2.) Like the one above, instead of placing my hand on my thigh I lightly grip a section of my pants, between the cargo pocket and top of thigh.

MeanJoe


----------



## jml22 (Apr 10, 2012)

I did, hands in the pocket to get the feeling down.


----------



## cb1021 (Nov 21, 2010)

Another tip is to set the binding angles low, ie. 5/-5. This way, as soon as you open your chest to the bottom of the hill, you will come to a full stop giving you a warning. Also it just makes the stance easier in general.
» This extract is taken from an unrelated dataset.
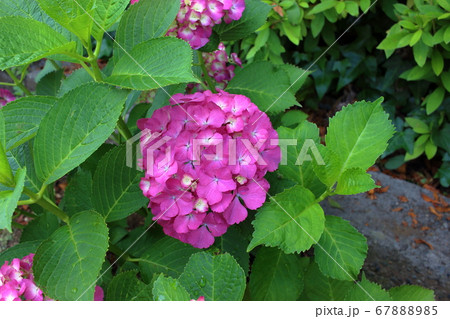 Japanese Hydangea, Ajisai, in a Tokyo Garden Japanese Hydangea, Ajisai, in a Tokyo Garden 67888985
If you look at hard-boot riders, you see that their chest is always open. That's probably because they have a wide angle on their board making that open chest natural posture. It's hard to have let's say 15/-15 on a twintip board and not to have chest open, especially for beginners. You can force it by keeping your hands in your pockets, but that's not natural posture as soon as you want to use your arms for balance.


----------



## jml22 (Apr 10, 2012)

well you couple it with forcing yourself to leverage your board properly and bend/squatand torsion the board opposed to swinging your arms around to do the same .


----------



## mastershake (Jan 9, 2012)

cb1021 said:


> Another tip is to set the binding angles low, ie. 5/-5. This way, as soon as you open your chest to the bottom of the hill, you will come to a full stop giving you a warning. Also it just makes the stance easier in general.
> 
> If you look at hard-boot riders, you see that their chest is always open. That's probably because they have a wide angle on their board making that open chest natural posture. It's hard to have let's say 15/-15 on a twintip board and not to have chest open, especially for beginners. You can force it by keeping your hands in your pockets, but that's not natural posture as soon as you want to use your arms for balance.


this is actually quite interesting. personally i ride 18/-9 (i will probably lower 18 to 15 or 12 soon) but i see what you mean...and i think park riders in duck stance tend to need their chest open a lot more than when riding which makes sense...


----------



## liner (Jan 8, 2013)

another way would be to hold on with both hands to the bottom of your jacket. Keeps your shoulders nice and controlled, and the stress when you twist your torso lets you know when you open/close them.


----------